Toplumsal alanda dayanışmayı büyütmekten kasıt; hiç tanımadığı insanların özgürlüğü için kendi özgürlüğünü riske atmak pahasına eylem yapan, yurttan atılan bir öğrenciyi evinde ağırlayan insanların birbirine ve ülkesine duyduğu yoğun hissi direnişin karakteristiği haline getirmek, ayrıca (Gezi’de ve boykot sürecinde tanık olduğumuz üzere) direnişe katılan herkesin sahip olduğu tüm kaynakları ortaklaştırmaktır.

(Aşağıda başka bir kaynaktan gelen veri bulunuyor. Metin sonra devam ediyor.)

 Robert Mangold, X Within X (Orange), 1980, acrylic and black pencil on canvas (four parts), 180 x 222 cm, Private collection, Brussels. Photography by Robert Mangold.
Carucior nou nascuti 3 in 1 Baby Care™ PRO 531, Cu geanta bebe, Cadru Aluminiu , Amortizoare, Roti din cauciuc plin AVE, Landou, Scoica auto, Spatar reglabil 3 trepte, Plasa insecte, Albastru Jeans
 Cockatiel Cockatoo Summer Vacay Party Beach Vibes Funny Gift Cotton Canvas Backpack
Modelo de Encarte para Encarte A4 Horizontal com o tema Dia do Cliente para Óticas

Siyasal alanda radikalliği kitleselleştirmek dendiğinde ise; bu direnişin hiç de kısa vadede vur-kaç taktikleriyle kazanılabilecek gibi olmadığını bilince çıkarmak, atılan her adımın önemini teslim ederken bunun genel çıkara ne denli hizmet edeceğini de hesaba katmak, 1 Mayıs tartışmalarında üzülerek tanık olduğumuz üzere mücadeleyi birilerinin cesareti ile birilerinin korkaklığı gibi soyut ve dayanaksız ikiliklere sıkıştırmamak anlaşılmalıdır. Sokak röportajında konuşmanın ya da maaşını hak etmek için haber yapmanın hapse atılmakla sonuçlanabildiği rejim koşullarında eline bayrak alıp Yozgat, Konya ya da Saraçhane mitingine gitmek de kitleselleştirilmeye müsait (ve muhtaç) bir radikalliği özünde barındırmaktadır zaten.

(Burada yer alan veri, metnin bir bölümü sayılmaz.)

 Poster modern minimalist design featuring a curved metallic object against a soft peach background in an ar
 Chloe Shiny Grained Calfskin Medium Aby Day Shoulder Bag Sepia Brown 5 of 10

Solun direnişe sunduğu marjinal katkı, sokakta direniş kültürünü yaratıp temsil etmeyi sürdürmesi ve sokağa belki de ilk defa hak aramak için çıkan gençler başta olmak üzere geniş kitlelere, Büyük Üniversite Mitingi’nde olduğu gibi öncülük edebilme kapasitesidir. Ancak sol, özellikle 1 Mayıs sürecinde tartışmayı her anlamda çok verimsiz yürütmüş ve kendisiyle tanışan geniş kitleleri solun, sosyalizmin, mücadelenin, 1 Mayıs’ın insana iyi ve umutlu hissettiren tarafları yerine kendi içinde birbirini hainlik ya da korkaklıkla suçladığı toksik bir ortamla tanıştırmıştır. Bu yalnızca Kadıköy iradesini değil, Taksim iradesini de kısa süre içerisinde zarara uğratacaktır.

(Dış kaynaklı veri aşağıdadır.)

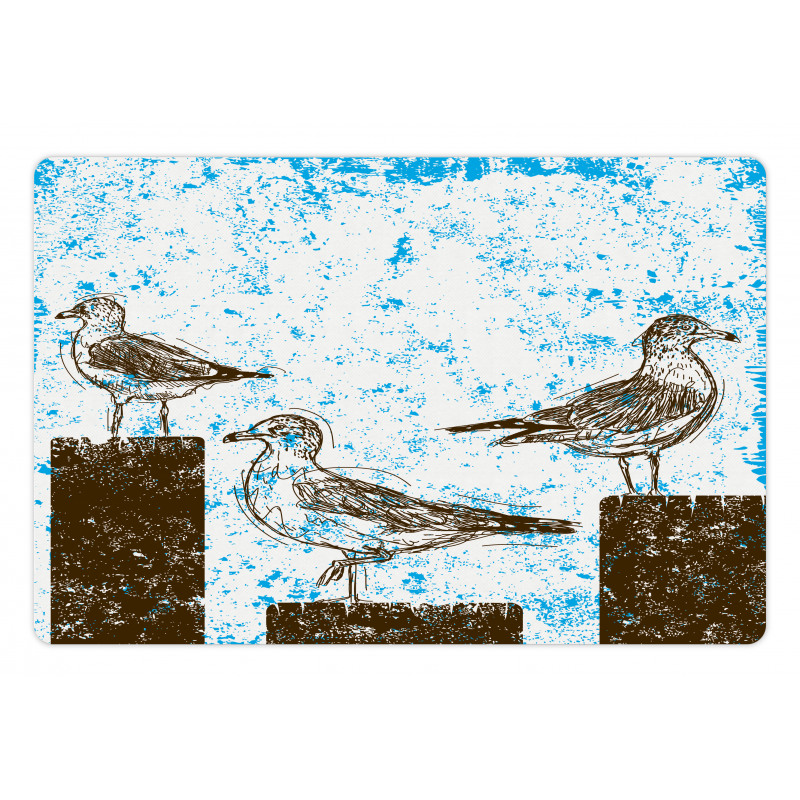 Grungy Sketch Seagulls Pet Mat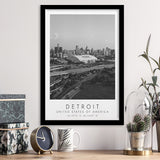 Detroit Usa Travel Lovers Black And White Art Framed Art Prints Wall Art Decor, Framed Picture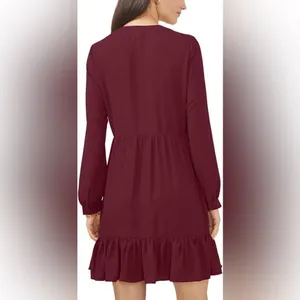 Vince Camuto Long Sleeve Split Neck Tiered Babydoll Dress in Crisp Merlot Sz XXL thumbnail 3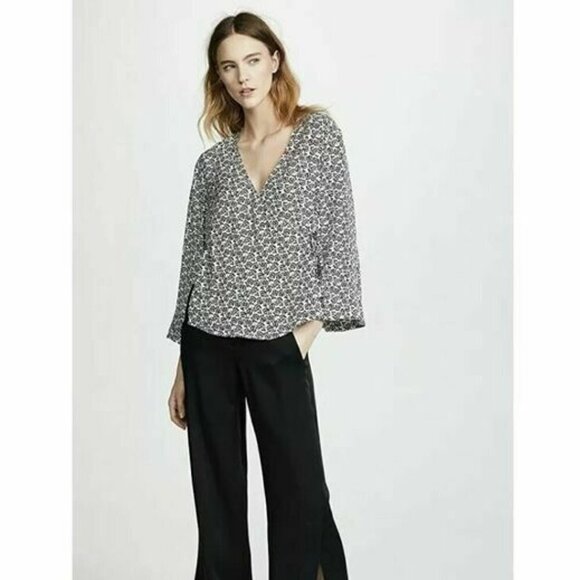 A.L.C. Ray Bell Sleeve Wrap Top Silk - Picture 1 of 8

İster Kadıköy’e gitmiş olsun ister Taksim’e, bu düzene karşı mücadele edenlerin saflarında böylesi önemli bir momentte korkaklık-cesurluk gibi bir ikiliğe yer ve gerek yoktur. Açıkçası bu terazinin kefelerinin ne ile ve nasıl doldurulduğu da şüphelidir. Sokakla yeni tanışan gençlerin öfkesi, hatta Kadıköy kararının arkasında duranlara karşı tepkisi ile bu tartışmaları uzun yıllardır takip eden sol politik öznelerin birbirine yönelik ithamları birbirine karıştırılmamalıdır.
Yazının başlığına taşıdığım metafora başvurarak şimdilik burada noktalamakta fayda görüyorum.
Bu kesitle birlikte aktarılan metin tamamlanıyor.